## Directions for this task
Transcribe exactly, and without pictures, the lines from the one that contains "Small Double Room in Albergo Villa Cristina Small" through the last line of the material.

## Data block

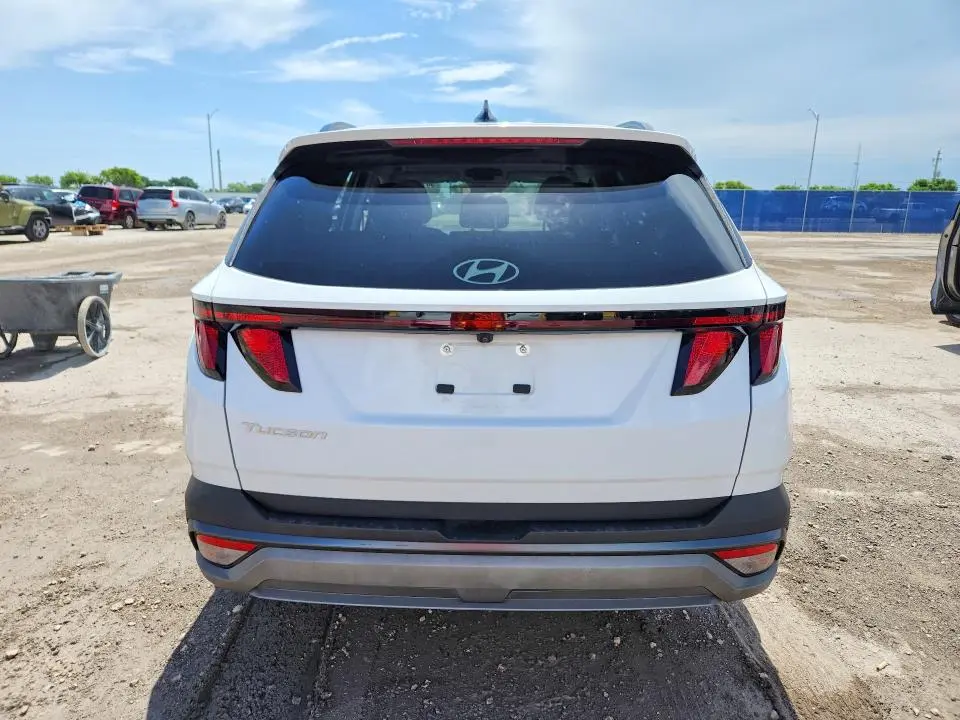 2025 HYUNDAI TUCSON SEL  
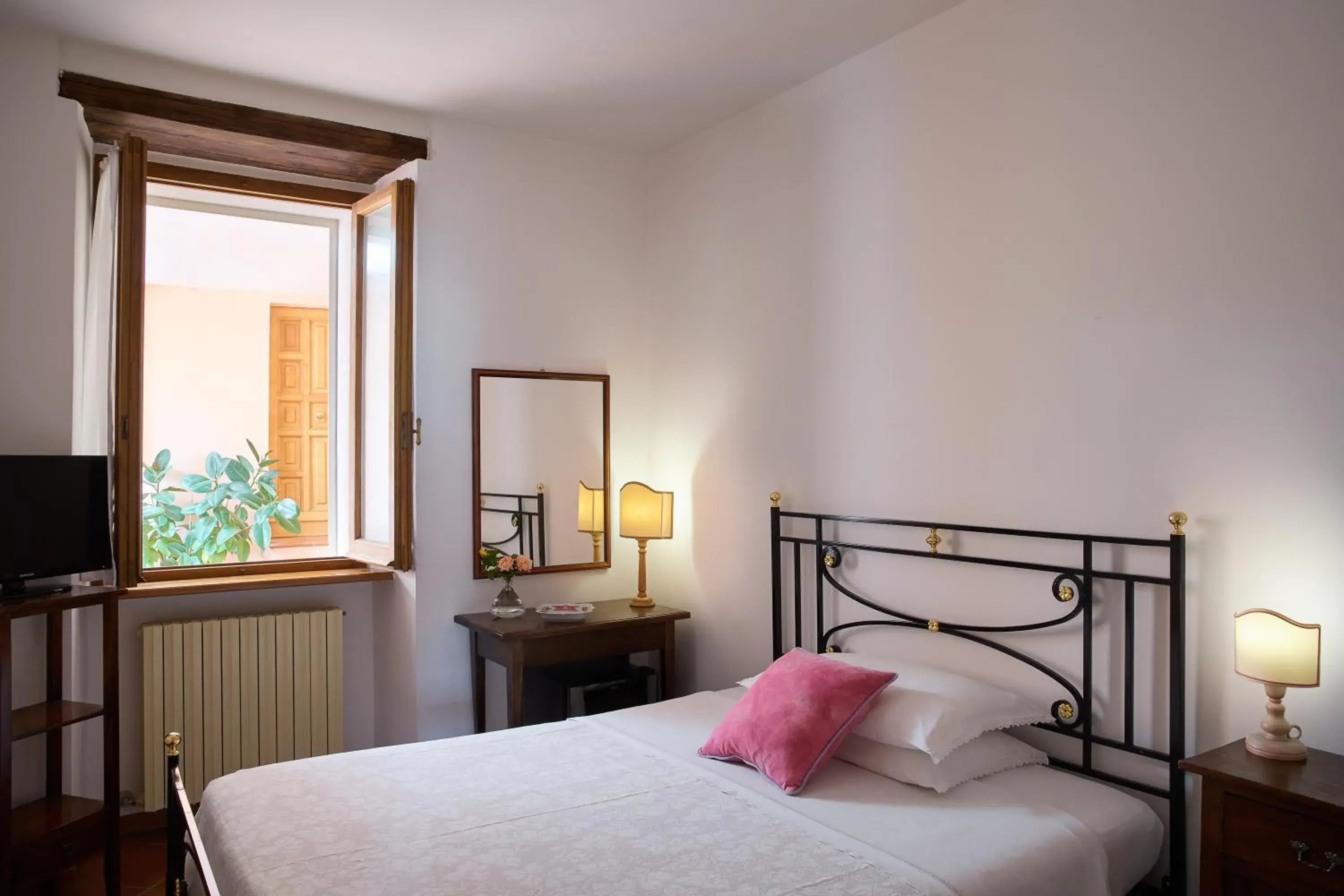 Small Double Room in Albergo Villa Cristina Small Double Room in Albergo Villa Cristina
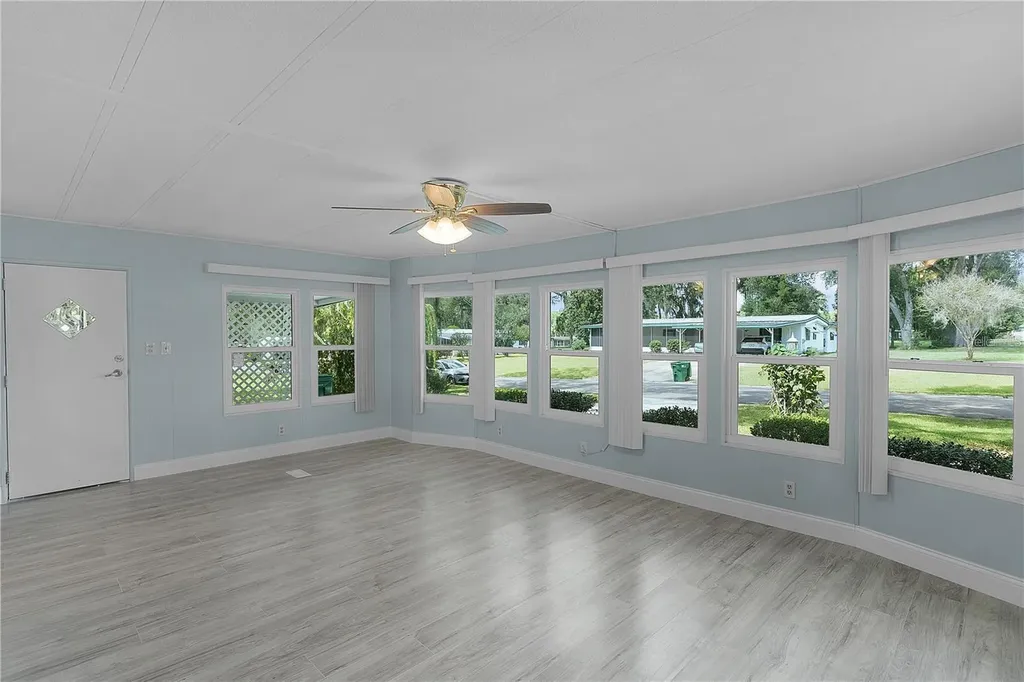 354 Ivanhoe Circle Lady Lake FL 32159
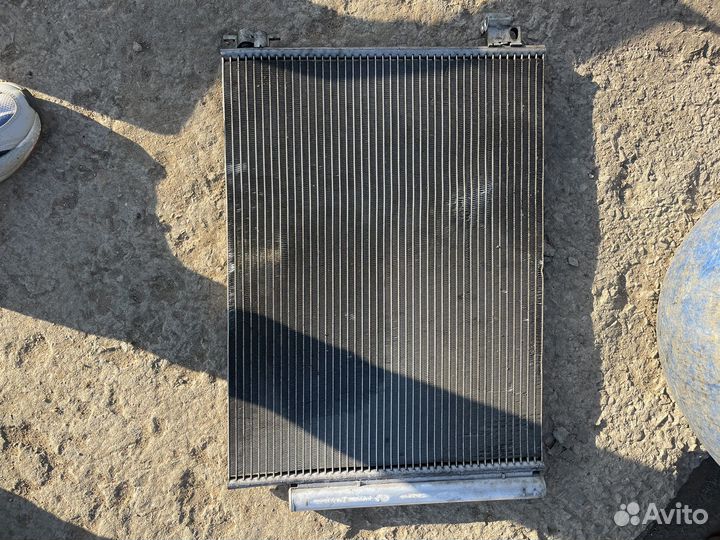 Радиатор кондиционера renault sandero stepway 2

## Answer space
 Small Double Room in Albergo Villa Cristina Small Double Room in Albergo Villa Cristina
 354 Ivanhoe Circle Lady Lake FL 32159
 Радиатор кондиционера renault sandero stepway 2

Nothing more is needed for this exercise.